The development of creativity is related to this. Generally thought of as building skills of innovation which then are turned to helping people cope, it should also be recognized as useful simply for helping people have more fun in life. Nor should creativity development be used only for those in the sick role; it’s a more general application, a way to help everyone enjoy themselves more.

The key is to do stuff. Do it, don’t watch it being done by others, even if they do it so much better than you. A second point is to give yourself permission to be middling, not to have to excel. Give yourself room to make mistakes. Learn to laugh and re-align. A few really enjoy bettering themselves more and more, and who are we to say no? But pushing oneself to be excellent borders on making what’s fun not so much fun, taking it too seriously.

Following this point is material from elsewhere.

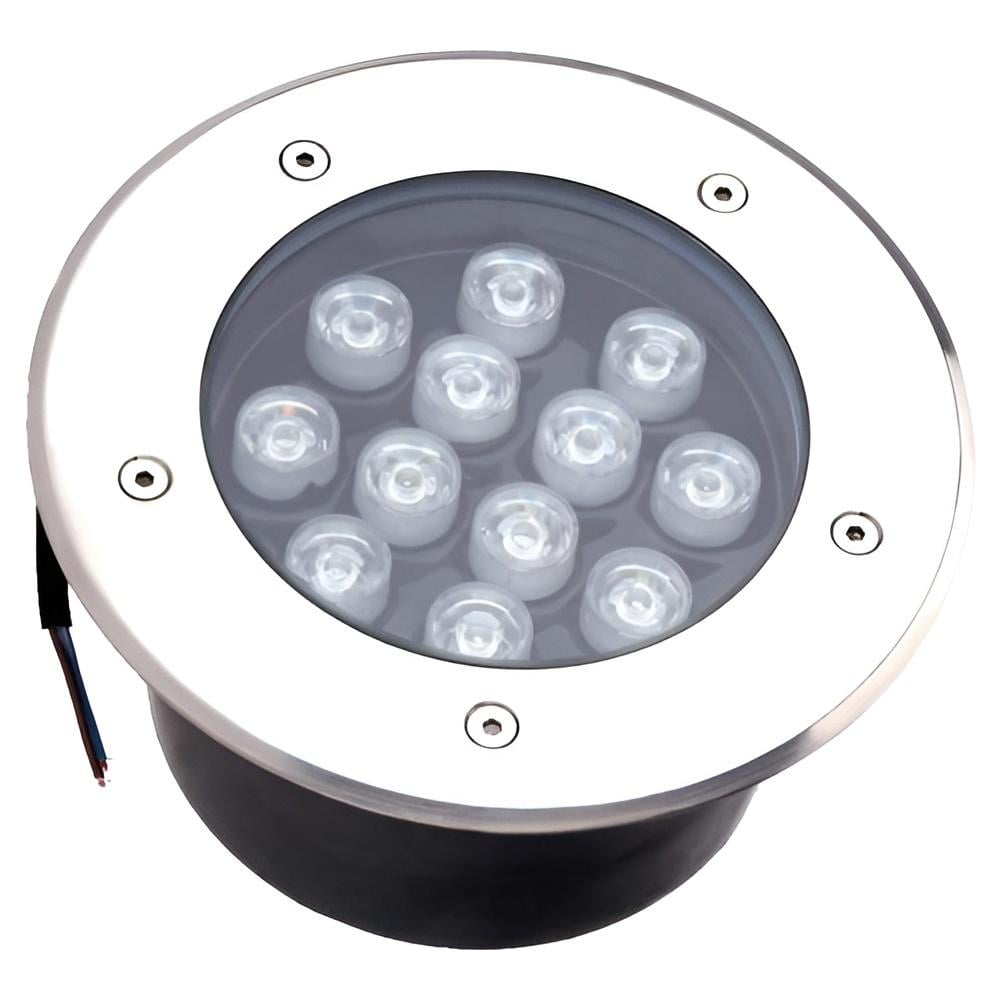 Світильник тротуарний LED Lemanso LM3705 12LED 12W 600Lm 6500K (11812)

Be aware that excelling has its advantages—you get to appreciate yourself and be appreciated by others as having excelled. You get trophies. But there are disadvantages: One loses one’s capacity to be carefree in that role, and if that role, that goal, is big enough, one may lose the capacity to be carefree in any other roles.

As you may guess, I’m not that committed to being committed. There are in my world too many things to learn, read, dance, sing, walk, shop, visit, and in other ways, do. I do enjoy in my own life the way there are a few things I do quite well; and other things I do better than average, I think; but there are a number of things I give myself permission to do worse than average and, truth be told, I don’t care.